Dataset records =
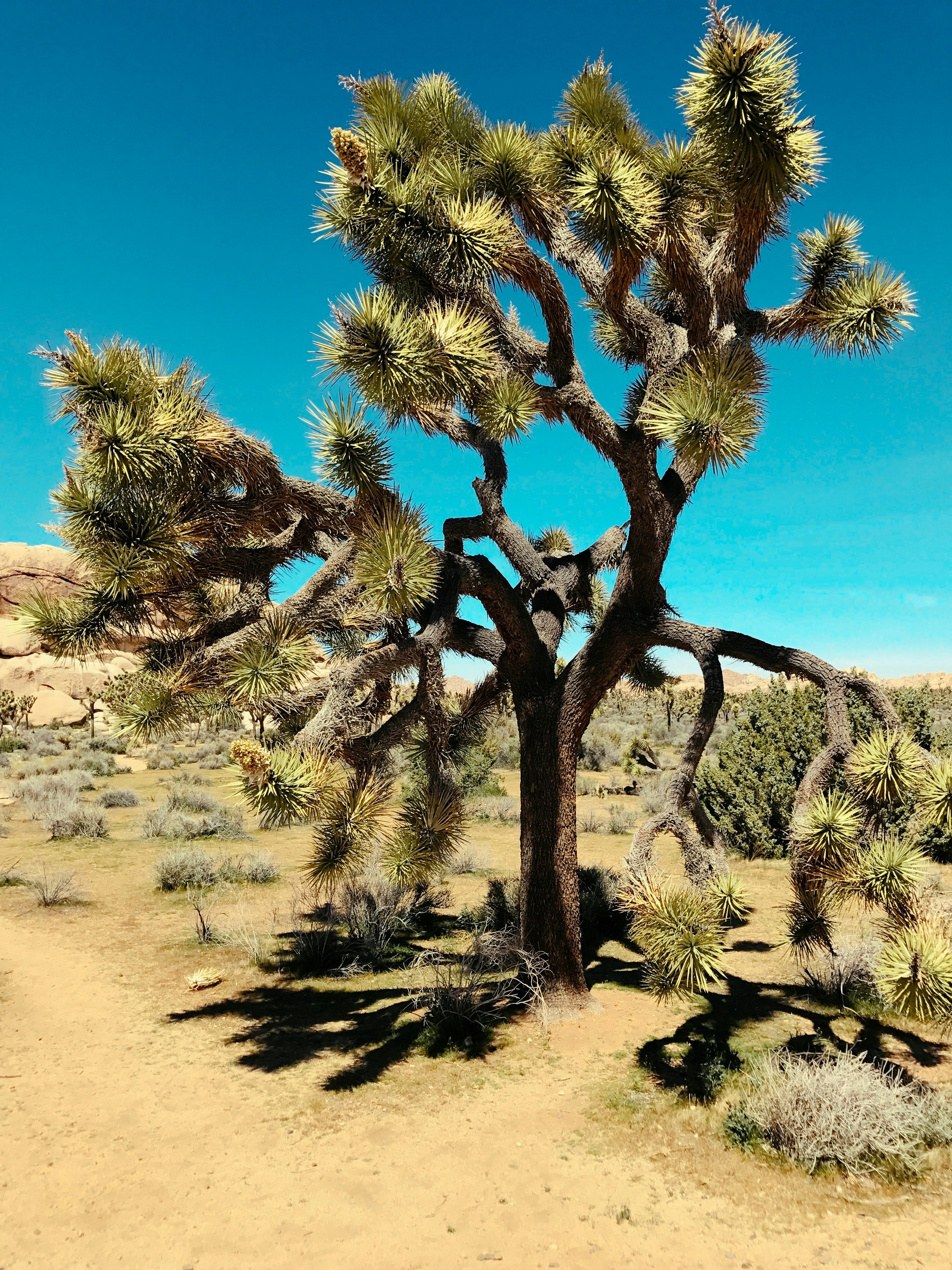 Joshua Tree National Park 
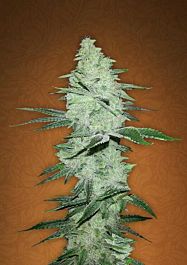 FastBuds Seeds Six Shooter Auto Feminized
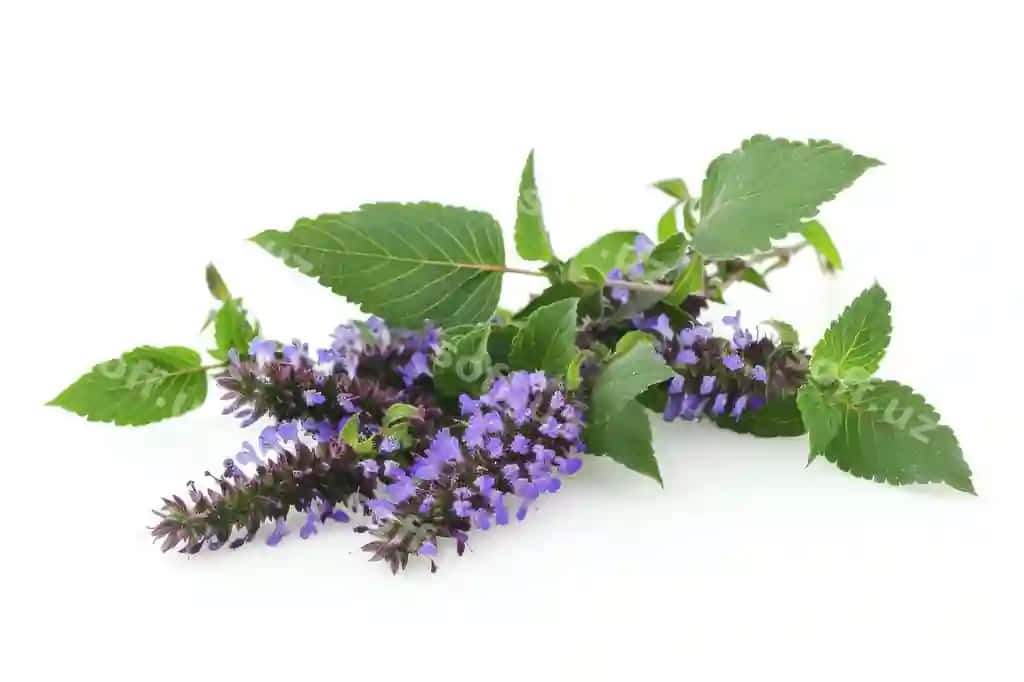 Anise hyssop o'simlik ajraltirilgan oq fonda | Anise hyssop plant isolated white background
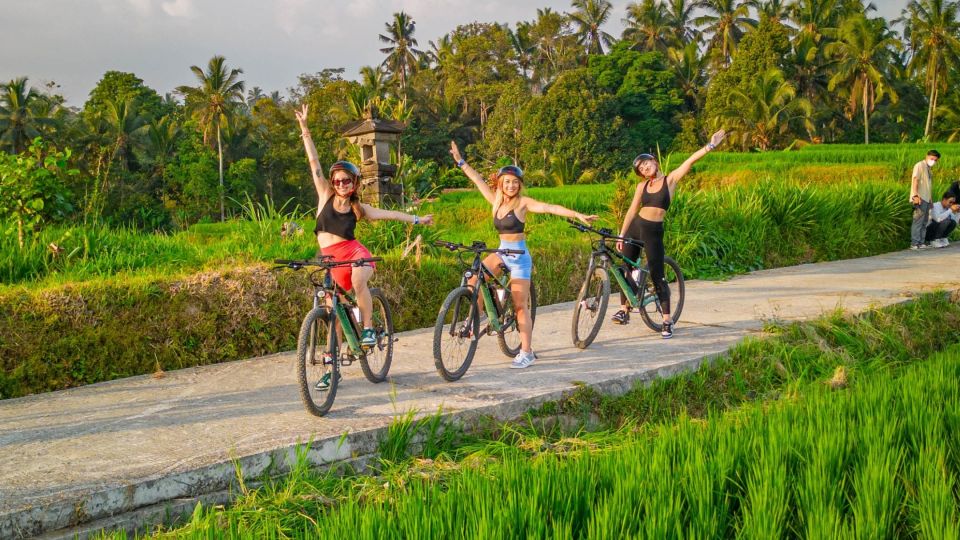 E-Bike: Ubud Rice Terraces & Traditional Villages Cycling - Experience Highlights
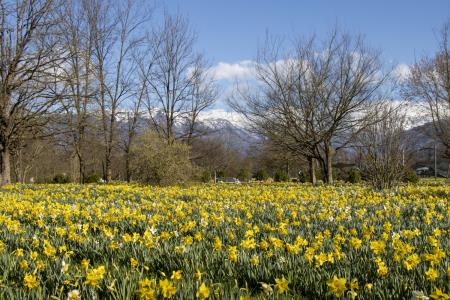 Narcise Arboretum Volčji Potok Foto Mateja Račevski-2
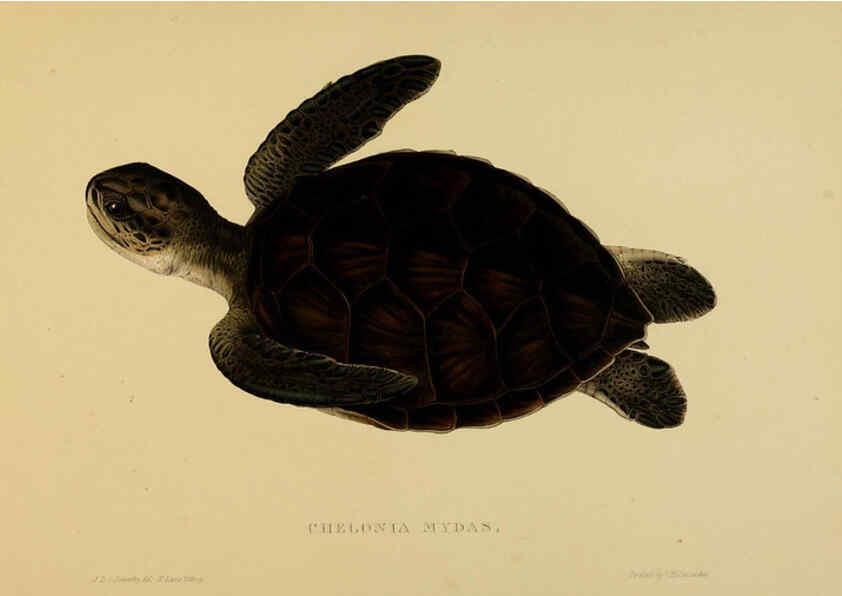 Reproducción/Reproduction 5978413380: Tortoises, terrapins, and turtles London, Paris, and Frankfort :H. Sotheran, J. Baer & co.,1872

Exercise = What is needed is an exact transcription of the lines from the one holding "FastBuds Seeds Six Shooter Auto Feminized" to the end of the data, with every picture left out.

Completed exercise =
 FastBuds Seeds Six Shooter Auto Feminized
 Anise hyssop o'simlik ajraltirilgan oq fonda | Anise hyssop plant isolated white background
 E-Bike: Ubud Rice Terraces & Traditional Villages Cycling - Experience Highlights
 Narcise Arboretum Volčji Potok Foto Mateja Račevski-2
 Reproducción/Reproduction 5978413380: Tortoises, terrapins, and turtles London, Paris, and Frankfort :H. Sotheran, J. Baer & co.,1872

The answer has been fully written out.